True, the $10.8 billion Senate measure, passed laat Friday, was something like $2 billion less than what the Senate Agriculture Committee had wanted. But it was also $1.8 billion more than that originally sought by the administration. Moreover, in seeking a relatively safe "compromise" farm bill, the administration is sacrificing the possibility of commencing the larger national public policy debate that should now be held about moving the giant US farm economy away from government subsidies and toward a free-market approach. That is not necessarily to fault the present system. But given the huge federal outlays involved, the failure to take a comprehensive look at the degree to which existing polices are working or not working is unfortunate for the country , unfortunate for consumers, and -- in the long run -- unfortunate for the nation's farmers, many of whom would like to be set free from governmental interference just as businessmen now seek to lessen the grasp of excessive federal red tape.
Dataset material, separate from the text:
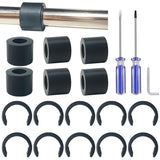 Rubber Roller Replacement Set, Mat Guide Rubbers, Retaining Rings for Cricut Repair Accessories, Complete Repair Kits Compatible with Cricut FEOXSHAL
The overall farm legislation now passed by the Senate is essentially a continuation of the type of special-interest policies found in the 1977 farm act which it is replacing. Although the 1977 act was originally promoted as a market-oriented measure, in fact it is geared to management of commodity supplies and prices through governmental intervention. Like that legislation, the new 1981 farm act, as now embodied in the compromise Senate Bill, is also supply-management oriented and would retain, for example, target price levels and costly price supports that too often pump precious taxpayer dollars into the hands of those farmers (and in some cases, corporations) least needing them.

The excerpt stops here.